The degree of fragmentation observed in the rock (most of the debris only measures a few millimeters!) Suggests that the event would have been particularly violent according to the authors of the study. Given the estimated date and magnitude of the impact, it’s entirely possible that it was felt by humans living in Asia at the time, and even as far away as Siberia.

Younger than the famous Meteor Crater

There are nearly 190 confirmed impact craters on our planet. It should have many more, but tectonic activity and erosion have arguably “erased” the traces of many other impacts over time; in addition, some are probably still buried under sediment or hidden in the seabed.

The dome of Vredefort, located in South Africa, is considered to this day as the largest known asteroid impact: the diameter of the crater measures approximately 300 kilometers; the asteroid that caused it must have been around 10-15 kilometers in diameter. Experts estimate that it dates back just over 2 billion years to the Paleoproterozoic era.

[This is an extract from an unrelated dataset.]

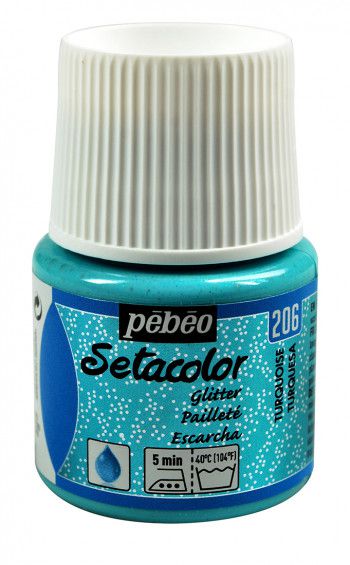 ΧΡΩΜΑ ΥΦΑΣΜΑΤΟΣ SETACOLOR LIGHT GLITTER FABRICS 45 ML TURQUOISE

Among the best-known impacts, the Mexican Chicxulub crater, about 180 kilometers in diameter – probably the source of the Cretaceous-Paleogene mass extinction – is 66 million years old. The 100 km wide Popigai crater in northeast Siberia and the 85 km wide Chesapeake Bay crater in Virginia are both dated to around 35 million years ago. .

The most recent confirmed impact crater so far was the famous Meteor Crater in Arizona, about 49,000 to 50,000 years old; with 1.2 km in diameter, it is slightly smaller than Yilan Crater. China has so far only identified one other known crater, that of Xiuyan, 1.8 km in diameter and located in Liaoning province, in the northeast of the country.